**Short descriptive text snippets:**

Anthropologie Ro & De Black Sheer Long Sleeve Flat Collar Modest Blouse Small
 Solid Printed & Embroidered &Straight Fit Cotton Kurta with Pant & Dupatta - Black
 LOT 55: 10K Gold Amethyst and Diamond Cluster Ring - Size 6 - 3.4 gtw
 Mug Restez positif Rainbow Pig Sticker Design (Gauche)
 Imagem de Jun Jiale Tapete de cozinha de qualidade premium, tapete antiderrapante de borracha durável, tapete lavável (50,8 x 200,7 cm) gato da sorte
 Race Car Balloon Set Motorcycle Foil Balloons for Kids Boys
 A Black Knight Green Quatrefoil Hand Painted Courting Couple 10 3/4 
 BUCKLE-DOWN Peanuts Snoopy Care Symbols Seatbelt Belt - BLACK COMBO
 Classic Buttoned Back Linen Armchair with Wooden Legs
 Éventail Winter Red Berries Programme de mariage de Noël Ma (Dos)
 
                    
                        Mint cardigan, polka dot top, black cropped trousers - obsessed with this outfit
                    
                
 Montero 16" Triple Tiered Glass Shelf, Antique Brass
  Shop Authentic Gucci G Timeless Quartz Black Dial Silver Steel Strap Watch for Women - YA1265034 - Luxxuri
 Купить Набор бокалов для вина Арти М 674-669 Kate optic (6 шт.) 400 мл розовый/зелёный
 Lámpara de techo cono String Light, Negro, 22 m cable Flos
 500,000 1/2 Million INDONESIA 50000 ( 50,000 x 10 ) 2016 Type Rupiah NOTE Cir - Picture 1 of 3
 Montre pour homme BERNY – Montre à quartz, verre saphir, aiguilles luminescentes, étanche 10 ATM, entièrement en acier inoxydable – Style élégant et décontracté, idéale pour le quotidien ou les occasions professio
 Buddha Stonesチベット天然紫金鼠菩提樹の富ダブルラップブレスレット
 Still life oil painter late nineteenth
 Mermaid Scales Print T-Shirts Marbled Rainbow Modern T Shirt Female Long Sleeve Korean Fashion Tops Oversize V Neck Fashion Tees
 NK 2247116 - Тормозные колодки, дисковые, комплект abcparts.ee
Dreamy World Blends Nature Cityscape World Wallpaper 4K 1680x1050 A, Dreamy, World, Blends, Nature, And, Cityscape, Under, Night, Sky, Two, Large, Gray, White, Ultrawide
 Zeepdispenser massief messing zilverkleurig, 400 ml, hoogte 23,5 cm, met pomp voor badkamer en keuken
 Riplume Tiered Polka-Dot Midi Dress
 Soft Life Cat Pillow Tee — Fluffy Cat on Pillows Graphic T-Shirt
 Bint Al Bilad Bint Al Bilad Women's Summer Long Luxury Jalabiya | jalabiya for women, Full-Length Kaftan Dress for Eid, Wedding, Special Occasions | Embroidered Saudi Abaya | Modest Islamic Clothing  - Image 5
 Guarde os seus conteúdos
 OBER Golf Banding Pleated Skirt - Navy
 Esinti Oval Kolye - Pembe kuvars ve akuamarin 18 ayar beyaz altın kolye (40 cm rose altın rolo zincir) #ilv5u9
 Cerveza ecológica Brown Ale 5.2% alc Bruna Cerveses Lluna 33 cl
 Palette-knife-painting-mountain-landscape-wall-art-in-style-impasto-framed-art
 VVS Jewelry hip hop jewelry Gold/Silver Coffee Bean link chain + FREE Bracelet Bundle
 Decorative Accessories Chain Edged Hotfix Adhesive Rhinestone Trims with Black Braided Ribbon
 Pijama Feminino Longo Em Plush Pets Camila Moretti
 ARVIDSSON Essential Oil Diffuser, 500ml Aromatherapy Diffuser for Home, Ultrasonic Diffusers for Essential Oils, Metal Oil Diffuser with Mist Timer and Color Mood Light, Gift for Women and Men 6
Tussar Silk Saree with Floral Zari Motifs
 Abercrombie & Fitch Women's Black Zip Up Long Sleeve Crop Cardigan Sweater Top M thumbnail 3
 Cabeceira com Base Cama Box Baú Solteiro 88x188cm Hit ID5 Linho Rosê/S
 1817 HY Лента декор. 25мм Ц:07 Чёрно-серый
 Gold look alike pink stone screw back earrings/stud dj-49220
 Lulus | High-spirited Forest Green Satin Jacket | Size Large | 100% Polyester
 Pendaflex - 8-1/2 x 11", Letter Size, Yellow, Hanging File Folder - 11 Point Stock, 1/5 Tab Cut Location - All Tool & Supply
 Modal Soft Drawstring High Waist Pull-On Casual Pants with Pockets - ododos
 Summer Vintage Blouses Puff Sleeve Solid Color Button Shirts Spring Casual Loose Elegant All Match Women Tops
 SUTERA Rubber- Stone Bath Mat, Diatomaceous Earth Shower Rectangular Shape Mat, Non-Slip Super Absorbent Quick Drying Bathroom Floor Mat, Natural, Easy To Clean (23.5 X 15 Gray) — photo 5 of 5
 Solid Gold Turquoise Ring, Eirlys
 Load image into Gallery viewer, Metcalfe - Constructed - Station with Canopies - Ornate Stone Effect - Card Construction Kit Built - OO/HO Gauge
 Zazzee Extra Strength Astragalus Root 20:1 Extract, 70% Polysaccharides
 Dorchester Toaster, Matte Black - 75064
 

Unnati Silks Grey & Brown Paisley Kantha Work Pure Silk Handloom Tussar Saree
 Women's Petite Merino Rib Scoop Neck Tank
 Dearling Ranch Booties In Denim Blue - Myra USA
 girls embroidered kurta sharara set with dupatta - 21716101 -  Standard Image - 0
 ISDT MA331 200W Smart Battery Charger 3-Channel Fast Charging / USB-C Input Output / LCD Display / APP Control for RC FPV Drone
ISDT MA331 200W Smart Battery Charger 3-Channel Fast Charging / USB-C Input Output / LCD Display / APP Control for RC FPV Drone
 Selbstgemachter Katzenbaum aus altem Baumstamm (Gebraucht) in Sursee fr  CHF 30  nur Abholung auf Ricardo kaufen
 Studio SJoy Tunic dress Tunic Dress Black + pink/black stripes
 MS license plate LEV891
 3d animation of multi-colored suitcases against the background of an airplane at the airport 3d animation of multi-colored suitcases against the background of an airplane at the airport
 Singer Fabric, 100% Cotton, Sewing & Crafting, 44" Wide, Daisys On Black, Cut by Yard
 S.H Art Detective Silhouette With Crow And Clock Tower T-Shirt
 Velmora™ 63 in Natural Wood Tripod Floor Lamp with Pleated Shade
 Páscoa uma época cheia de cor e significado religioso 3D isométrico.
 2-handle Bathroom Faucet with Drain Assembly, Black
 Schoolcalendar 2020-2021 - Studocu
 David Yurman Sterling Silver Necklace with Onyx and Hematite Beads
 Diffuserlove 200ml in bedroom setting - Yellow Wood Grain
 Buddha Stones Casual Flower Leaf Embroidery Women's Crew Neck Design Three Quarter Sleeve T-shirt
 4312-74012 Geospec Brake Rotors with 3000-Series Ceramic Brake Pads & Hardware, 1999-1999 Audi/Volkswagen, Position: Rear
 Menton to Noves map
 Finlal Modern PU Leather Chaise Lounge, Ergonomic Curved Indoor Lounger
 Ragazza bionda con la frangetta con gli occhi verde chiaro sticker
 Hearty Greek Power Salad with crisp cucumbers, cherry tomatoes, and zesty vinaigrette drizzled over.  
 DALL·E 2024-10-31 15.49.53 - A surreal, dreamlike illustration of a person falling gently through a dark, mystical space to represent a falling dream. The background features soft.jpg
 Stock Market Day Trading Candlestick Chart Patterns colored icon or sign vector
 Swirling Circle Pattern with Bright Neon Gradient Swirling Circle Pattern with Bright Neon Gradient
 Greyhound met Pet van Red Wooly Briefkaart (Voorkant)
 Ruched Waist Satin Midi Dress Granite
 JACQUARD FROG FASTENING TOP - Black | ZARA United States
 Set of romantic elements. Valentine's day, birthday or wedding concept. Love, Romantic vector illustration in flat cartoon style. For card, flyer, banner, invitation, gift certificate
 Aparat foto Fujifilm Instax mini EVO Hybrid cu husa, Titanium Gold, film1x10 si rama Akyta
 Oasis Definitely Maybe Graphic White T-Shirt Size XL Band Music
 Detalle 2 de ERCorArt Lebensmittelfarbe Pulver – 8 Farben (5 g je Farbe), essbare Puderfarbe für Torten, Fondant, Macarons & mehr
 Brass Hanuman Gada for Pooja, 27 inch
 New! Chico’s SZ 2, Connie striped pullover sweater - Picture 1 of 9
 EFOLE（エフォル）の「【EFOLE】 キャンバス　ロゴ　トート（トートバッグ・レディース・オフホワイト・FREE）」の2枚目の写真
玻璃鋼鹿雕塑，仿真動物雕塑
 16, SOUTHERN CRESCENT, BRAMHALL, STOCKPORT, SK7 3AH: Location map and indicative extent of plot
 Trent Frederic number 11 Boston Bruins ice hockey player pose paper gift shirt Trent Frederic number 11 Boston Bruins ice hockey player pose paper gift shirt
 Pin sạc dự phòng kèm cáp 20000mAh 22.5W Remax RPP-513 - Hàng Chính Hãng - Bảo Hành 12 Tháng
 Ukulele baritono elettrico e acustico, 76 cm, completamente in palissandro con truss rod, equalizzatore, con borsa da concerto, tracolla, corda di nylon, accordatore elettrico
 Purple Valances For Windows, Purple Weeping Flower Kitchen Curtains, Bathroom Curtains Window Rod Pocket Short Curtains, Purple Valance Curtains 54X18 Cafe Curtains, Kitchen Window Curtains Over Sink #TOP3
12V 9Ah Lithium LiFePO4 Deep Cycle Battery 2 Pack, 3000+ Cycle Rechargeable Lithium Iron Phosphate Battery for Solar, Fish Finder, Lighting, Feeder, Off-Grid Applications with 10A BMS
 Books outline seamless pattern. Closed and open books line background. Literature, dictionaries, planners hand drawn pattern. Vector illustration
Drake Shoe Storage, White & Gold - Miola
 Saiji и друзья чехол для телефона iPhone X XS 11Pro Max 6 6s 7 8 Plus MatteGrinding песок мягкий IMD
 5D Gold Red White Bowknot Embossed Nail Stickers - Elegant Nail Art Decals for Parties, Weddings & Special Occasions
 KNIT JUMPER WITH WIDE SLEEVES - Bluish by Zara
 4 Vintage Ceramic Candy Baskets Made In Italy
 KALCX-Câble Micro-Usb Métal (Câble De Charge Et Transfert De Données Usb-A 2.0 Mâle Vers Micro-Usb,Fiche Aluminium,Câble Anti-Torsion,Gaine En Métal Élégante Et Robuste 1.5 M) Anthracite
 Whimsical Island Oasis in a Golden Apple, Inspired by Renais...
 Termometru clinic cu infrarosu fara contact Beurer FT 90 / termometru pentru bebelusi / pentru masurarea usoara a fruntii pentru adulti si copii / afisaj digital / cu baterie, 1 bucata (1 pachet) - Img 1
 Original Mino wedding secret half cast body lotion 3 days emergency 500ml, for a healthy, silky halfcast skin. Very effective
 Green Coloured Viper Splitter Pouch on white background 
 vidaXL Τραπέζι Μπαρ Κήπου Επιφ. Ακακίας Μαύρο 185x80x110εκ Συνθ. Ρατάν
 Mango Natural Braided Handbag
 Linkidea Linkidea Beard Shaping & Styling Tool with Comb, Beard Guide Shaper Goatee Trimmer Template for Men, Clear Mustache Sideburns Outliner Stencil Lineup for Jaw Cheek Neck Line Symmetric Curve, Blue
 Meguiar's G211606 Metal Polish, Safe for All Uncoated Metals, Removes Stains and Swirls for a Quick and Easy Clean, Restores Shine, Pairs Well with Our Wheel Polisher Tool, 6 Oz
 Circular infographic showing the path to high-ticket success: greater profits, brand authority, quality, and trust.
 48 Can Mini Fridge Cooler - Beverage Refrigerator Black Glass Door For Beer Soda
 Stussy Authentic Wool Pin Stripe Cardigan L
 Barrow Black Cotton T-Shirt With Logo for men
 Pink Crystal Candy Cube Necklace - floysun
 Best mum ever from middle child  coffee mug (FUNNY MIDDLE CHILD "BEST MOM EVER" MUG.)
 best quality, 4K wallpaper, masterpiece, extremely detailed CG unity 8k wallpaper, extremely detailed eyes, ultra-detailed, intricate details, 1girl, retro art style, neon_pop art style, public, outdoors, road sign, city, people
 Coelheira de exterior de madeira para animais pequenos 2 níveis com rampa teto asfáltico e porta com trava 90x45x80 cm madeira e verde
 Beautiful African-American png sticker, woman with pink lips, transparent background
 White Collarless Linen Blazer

**Directions:** Retype only this portion of the data above: the line containing "Stock Market Day", the line containing "Saiji и друзья", and all lines between them, exactly.

**Result of this exercise:**
 Stock Market Day Trading Candlestick Chart Patterns colored icon or sign vector
 Swirling Circle Pattern with Bright Neon Gradient Swirling Circle Pattern with Bright Neon Gradient
 Greyhound met Pet van Red Wooly Briefkaart (Voorkant)
 Ruched Waist Satin Midi Dress Granite
 JACQUARD FROG FASTENING TOP - Black | ZARA United States
 Set of romantic elements. Valentine's day, birthday or wedding concept. Love, Romantic vector illustration in flat cartoon style. For card, flyer, banner, invitation, gift certificate
 Aparat foto Fujifilm Instax mini EVO Hybrid cu husa, Titanium Gold, film1x10 si rama Akyta
 Oasis Definitely Maybe Graphic White T-Shirt Size XL Band Music
 Detalle 2 de ERCorArt Lebensmittelfarbe Pulver – 8 Farben (5 g je Farbe), essbare Puderfarbe für Torten, Fondant, Macarons & mehr
 Brass Hanuman Gada for Pooja, 27 inch
 New! Chico’s SZ 2, Connie striped pullover sweater - Picture 1 of 9
 EFOLE（エフォル）の「【EFOLE】 キャンバス　ロゴ　トート（トートバッグ・レディース・オフホワイト・FREE）」の2枚目の写真
玻璃鋼鹿雕塑，仿真動物雕塑
 16, SOUTHERN CRESCENT, BRAMHALL, STOCKPORT, SK7 3AH: Location map and indicative extent of plot
 Trent Frederic number 11 Boston Bruins ice hockey player pose paper gift shirt Trent Frederic number 11 Boston Bruins ice hockey player pose paper gift shirt
 Pin sạc dự phòng kèm cáp 20000mAh 22.5W Remax RPP-513 - Hàng Chính Hãng - Bảo Hành 12 Tháng
 Ukulele baritono elettrico e acustico, 76 cm, completamente in palissandro con truss rod, equalizzatore, con borsa da concerto, tracolla, corda di nylon, accordatore elettrico
 Purple Valances For Windows, Purple Weeping Flower Kitchen Curtains, Bathroom Curtains Window Rod Pocket Short Curtains, Purple Valance Curtains 54X18 Cafe Curtains, Kitchen Window Curtains Over Sink #TOP3
12V 9Ah Lithium LiFePO4 Deep Cycle Battery 2 Pack, 3000+ Cycle Rechargeable Lithium Iron Phosphate Battery for Solar, Fish Finder, Lighting, Feeder, Off-Grid Applications with 10A BMS
 Books outline seamless pattern. Closed and open books line background. Literature, dictionaries, planners hand drawn pattern. Vector illustration
Drake Shoe Storage, White & Gold - Miola
 Saiji и друзья чехол для телефона iPhone X XS 11Pro Max 6 6s 7 8 Plus MatteGrinding песок мягкий IMD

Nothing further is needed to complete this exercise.